Students celebrate Israel’s birth

Emily Dalnodar

Israel celebrated its 51st birthday Wednesday.
While people in the homeland celebrated with rock concerts and all-day parties, members of the University’s Jewish community listened to Hebrew folk songs and passed out birthday cake and Israeli food to passersby.
The young nation represents more than just a country to people of the Jewish faith. It’s a symbol of solidarity and freedom — a nation that still struggles every day to hang on to what people fought so diligently to attain.
“In 51 years it’s developed into something every Jewish person can be proud of — scientifically, economically, spiritually,” said Yaniv Schwartz, a statistics graduate student.
Schwartz was among about 20 students gathered at Northrop Mall on Wednesday afternoon to share in the spirit of Israeli independence with a small party hosted by the Hillel Foundation, the University’s Jewish student center.
“We want to have a celebration, but we want the campus involvement,” said Renata Batuner, Hillel co-president and College of Liberal Arts junior. “The Jewish community is such a small population on campus, so we’re trying to create awareness of our presence.”
Though free cake facilitated non-Jewish involvement, the chilly weather deterred too many people from staying to hear about the importance of Israel to the Jewish community.
“When I’m in Israel and I’m celebrating independence, it’s an unbelievable sense of people getting together and an incredible sense of pride,” Schwartz said. “It’s only been 51 years, so you have dads who fought for independence and presidents who fought.
“Unfortunately, there is constant threat all the time, and every person, every day, is fighting for our independence,” he said.

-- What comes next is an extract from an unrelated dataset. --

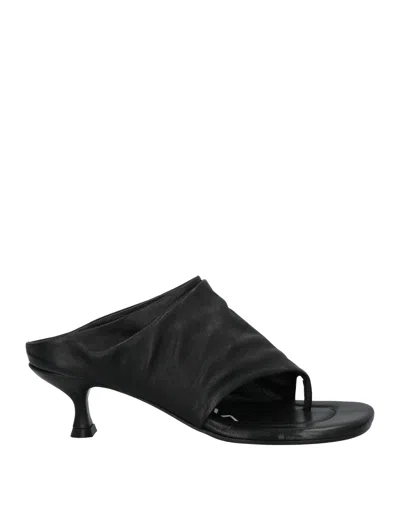 Strategia Toe Strap Sandals In Black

Israel won independence from British rule in 1948 immediately following the Holocaust. Jewish people had no safe haven at that time, and a lot of other countries closed their doors, said Amy Olson, Hillel’s director.

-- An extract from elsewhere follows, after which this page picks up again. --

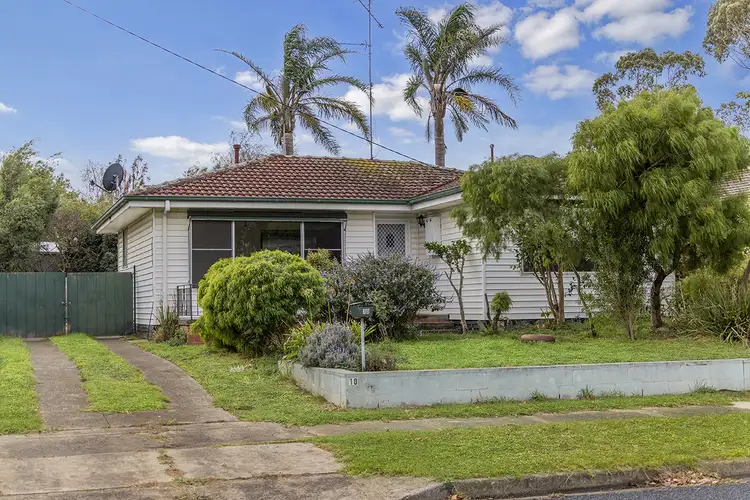 10 Coulter Avenue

The land once called Palestine was ruled by the Ottoman Empire for 500 years before falling into British hands. Though Britain considered relinquishing control of Israel before the Holocaust, the mass exodus of Jewish people from Europe during World War II proved the strongest catalyst for giving Palestine to the Jews. Still, Jewish residents fought with other would-be controllers of the land before they could establish an official homeland.
“It isn’t only something we’ve fought for one time, but it’s been in the back of the Jewish people’s minds for 2,000 years, and we’ve only recently attained it,” Schwartz said.